What happens when maxing out Postgres' work_mem?

How does the work_mem option in Postgres work? Here's the description from http://www.postgresql.org/docs/8.4/static/runtime-config-resource.html:
Specifies the amount of memory to be used by internal
sort operations and hash tables before switching to
temporary disk files. The value defaults to one megabyte
(1MB). Note that for a complex query, several sort or
hash operations might be running in parallel; each one
will be allowed to use as much memory as this value
specifies before it starts to put data into temporary
files. Also, several running sessions could be doing
such operations concurrently. So the total memory used
could be many times the value of work_mem; it is
necessary to keep this fact in mind when choosing the
value. Sort operations are used for ORDER BY, DISTINCT,
and merge joins. Hash tables are used in hash joins,
hash-based aggregation, and hash-based processing of IN
subqueries.
I'm probably totally wrong here but..isn't "switching to temporary disk files" essentially the same thing as "virtual memory" in the operating system? Wouldn't the OS just create a swap file once the RAM is gone? Wouldn't it be better to set this to something like 100TB and let the OS figure it out? Before I potentially mess up my system, I want to check if anyone actually tried this approach.
PostgreSQL will for example switch to a sorting operation more suitable for on-disk sort than in-memory sort if it knows the sort will happen on disk - which it won't know if it happens in swap.
Also, PostgreSQL can switch to a completely different plan (for example, using a different JOIN method) if it figures out the data does not fit in RAM.

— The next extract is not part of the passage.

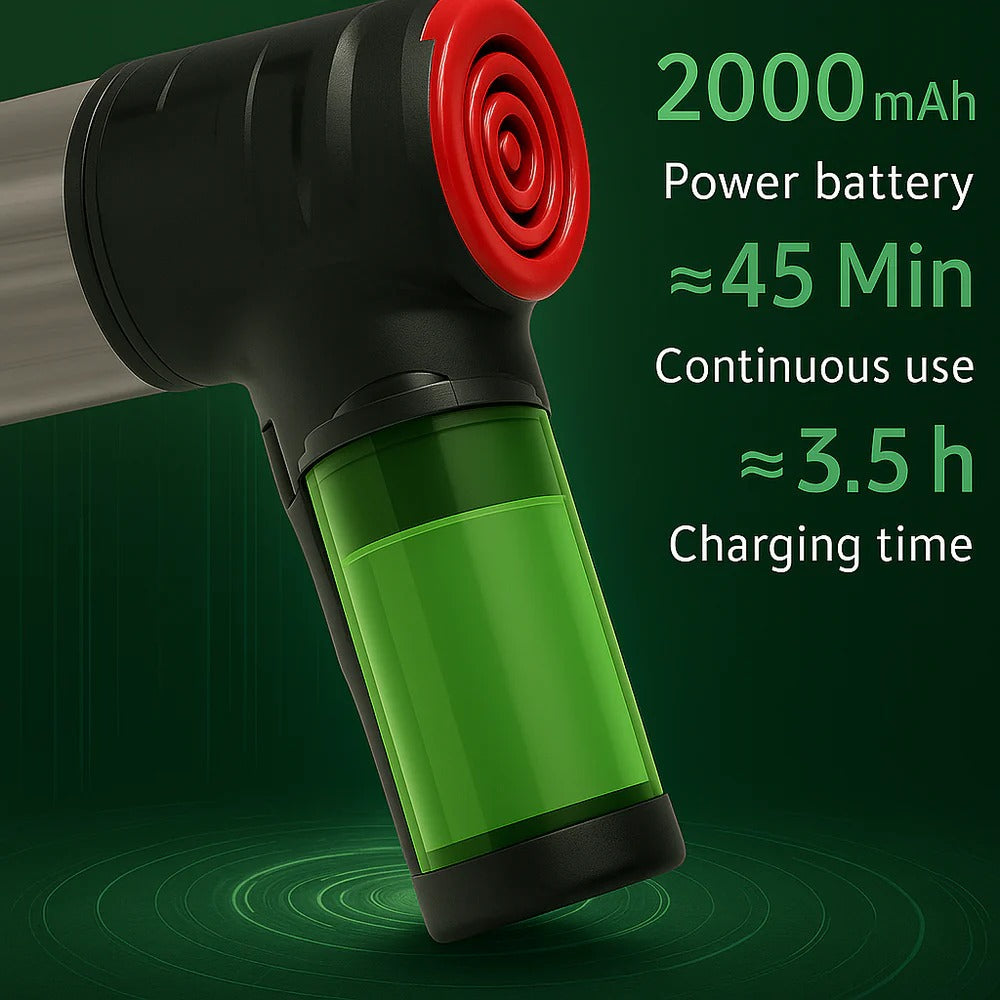 Lightweight Handheld Vacuum for Cars – 95000Pa Cordless Suction Power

Setting work_mem too high will get you a very slow database as soon as you have enough data so that everything doesn't always fit in RAM anymore.

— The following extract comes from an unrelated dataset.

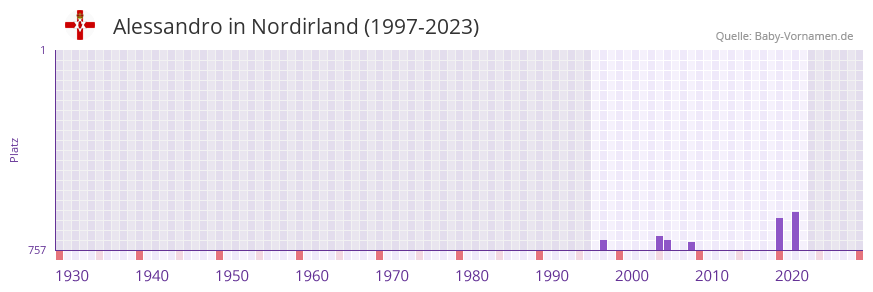 Alessandro in der Vornamen-Hitliste von Nordirland (1997-2023)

Keep in mind that work_mem is the maximum amount of RAM that can be used for every single sort operation. For a single query, multiple sort operations might run in parallel and there might be multiple connections querying the database at once. For that reason all sort operations may use x-times the amount of work_mem in RAM (that's the reason a conservative amount is recommended).
Now back to your question, if you choose a work_mem to a such high value, sort operations might use up most of your RAM, which leads to page in and out's from swap (keep in mind, there are lots of other processes and PostgreSQL parts that need some (or even lots of) RAM. Disk-based sort operations are by factors more efficient than page swaps done by the OS. As some of the other replies pointed out, a database server which has swap out and in constantly will perform extremely slow.
Another point is, that with such a high work_mem value, a single query (purposely or by accident) might more or less make the whole database server go unresponsive.
A database server that swaps is a dead database server.
In RAM postgres uses quicksort, on disk it uses another algorithm which is much more suited to harddisks. Using quicksort on swapped-out memory will be incredibly slow.
The OS is generic in the terms it handles swap, besides, there's a finite amount of address space a process can use, which isn't that big on 32 bit systems(2Gb on a windows 32 bit platform, can be enhanced to 3Gb), but you're right, you could let the OS handle this through virtual memory.
PostgreSQL is not 'generic' it'll know much better than the OS how to structure data once disk access is involved, so letting the database switch over to explicit file handling once memory is exhausted will have benefits over letting the OS handle it.